The Sun fired the biggest solar flare in six years at Earth yesterday, causing a radio blackout – and there could be another in hours.
Just after 5pm yesterday an X-class flare, the most powerful type, erupted from the Sun’s surface. A blast of electromagnetic radiation hit our atmosphere about eight minutes later, leading to communications blackouts over North and South America.
However, following in the flare’s footsteps is a second solar phenomenon known as a coronal mass ejection (CEM).
CEMs are huge clouds of solar plasma blasted out into space at millions of miles an hour. When directed towards Earth, they generally take two or three days to hit, but this one is expected any time now.
‘The US Air Force is reporting a Type II solar radio burst, which typically comes from the leading edge of a CME,’ reported the website SpaceWeather. ‘Based on the drift rate of the radio burst, the emerging CME’s velocity could exceed 4.7 million mph.’
The Earth is around 93 million miles from the Sun, meaning the CME will take around 20 hours to make the journey.
Like solar flares, CMEs can lead to communications blackouts as the charged plasma messes with the same level of the atmosphere used for bouncing signals off by communications systems.
But on the bright side, they can also give aurora a boost, meaning the Northern Lights could put on a particularly spectacular show tonight.
CEMs cause aurora by supercharging particles in the magnetosphere when they hit. This sends them rushing up and down the planet’s magnetic field lines between the poles.
Here they collide with oxygen and nitrogen in the upper atmosphere, exciting the atoms that then release visible light of different colours, including green, purple and pink – and recently, very rare orange aurora.
However, they could be less rare over the coming months as the Sun is particularly active right now. This is because it is reaching the most active part of its 11-year cycle, known as the solar maximum.

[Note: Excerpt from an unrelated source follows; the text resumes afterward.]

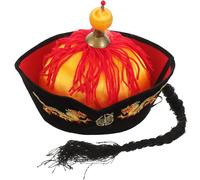 UKCOCO Chapeau Tressé Style Chinois avec Tresses et Queue de Cheval, Couvre-chef de Cosplay Empereur Asiatique, Accessoire de Fête Dynastie Qing en Carton Léger pour Déguisement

More sunspots – which often set off solar flares and CEMs – are visible on the surface, and more powerful eruptions have been spotted.
There have already been at least two major communications blackouts this year, and last month a huge ‘sunspot archipelago’ appeared on the Sun’s surface.
A number of ‘cannibal’ CMEs have also been spotted, where one CME is ‘eaten’ by a bigger, fast-moving CME.
But in a more surprising find, last week a ‘coronal hole’ appeared. Despite its name – and looks – it isn’t actually a hole in the Sun’s surface, but the magnetic field, and is more common during the solar minimum.